In [1]:
# [Steps to solve the APE task]
# load rowdata and datalive 2 spreadsheets to python memory
# make a copy of datalive - datalive_update because we will update it by operations
# generate a list of policy numbers for per rowdata and datalive
# find new policy numbers, which exist in rawdata but not in datalive 
# remove all empty rows in datalive_update
# add new policy numbers as new rows in datalive_update
# remove all empty dolumns in datalive_update
# populate 2020-05-01 column in datalive_update table by Premium value in rowdata table, and the matching fields are policy number and time
# for those new added rows, populate 2019-10-01 column in datalive_update table by Premium value in rowdata table, and the matching fields are policy number and time equal to 2019-10-01
# do the same for 2019-11-01, 2019-12-01, 2020-01-01, 2020-02-01, 2020-03-01, 2020-04-01
# for each policy in datalive, if payments < 4 then set Freq to 'ASP'
# for each policy in datalive, if payments >= 4 and all payments are the same then set Freq to 'M'
# for each policy in datalive, if payments >=4 but all payments are not the same then mark 'Check SP' as 'Yes'

In [2]:
import pandas as pd
import numpy as np
%matplotlib inline

In [3]:
# load rowdata and datalive 2 spreadsheets to python memory
rowdata = pd.read_excel('../sampledata/APESample.xlsx', sheet_name='Raw data')
datalive = pd.read_excel('../sampledata/APESample.xlsx', sheet_name='Data live')

# make a copy of datalive - datalive_update because we will update it by operations
datalive_update = datalive.copy()

In [4]:
# generate a list of policy numbers for per rowdata and datalive
rowdata_policynolist = rowdata['Policy Nr'].values.tolist()
datalive_policynolist = datalive['Policy Number'].values.tolist()
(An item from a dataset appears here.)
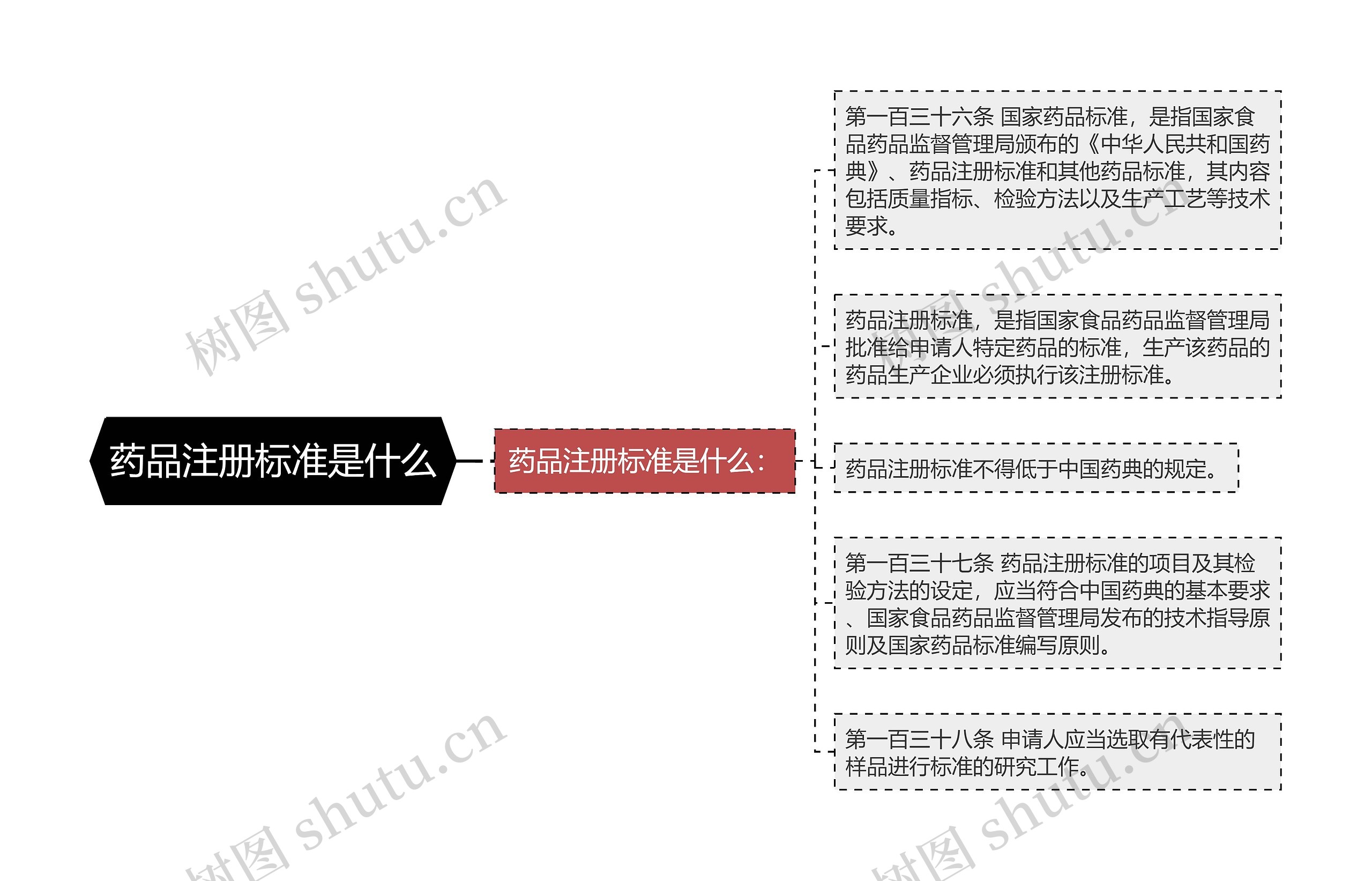 药品注册标准是什么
rowdata_policynolist_distinct = list(set(rowdata_policynolist))
datalive_policynolist_distinct = list(set(datalive_policynolist))

# find new policy numbers, which exist in rawdata but not in datalive 
newpolicynolist = np.setdiff1d(rowdata_policynolist_distinct,datalive_policynolist_distinct).tolist()

# remove all empty rows in datalive_update
datalive_update = datalive_update[datalive_update['Policy Number'].isnull() != True]

# add new policy numbers as new rows in datalive_update
for p in newpolicynolist:
    datalive_update = datalive_update.append({'Policy Number': p, 'Freq': 'ASP'}, ignore_index=True)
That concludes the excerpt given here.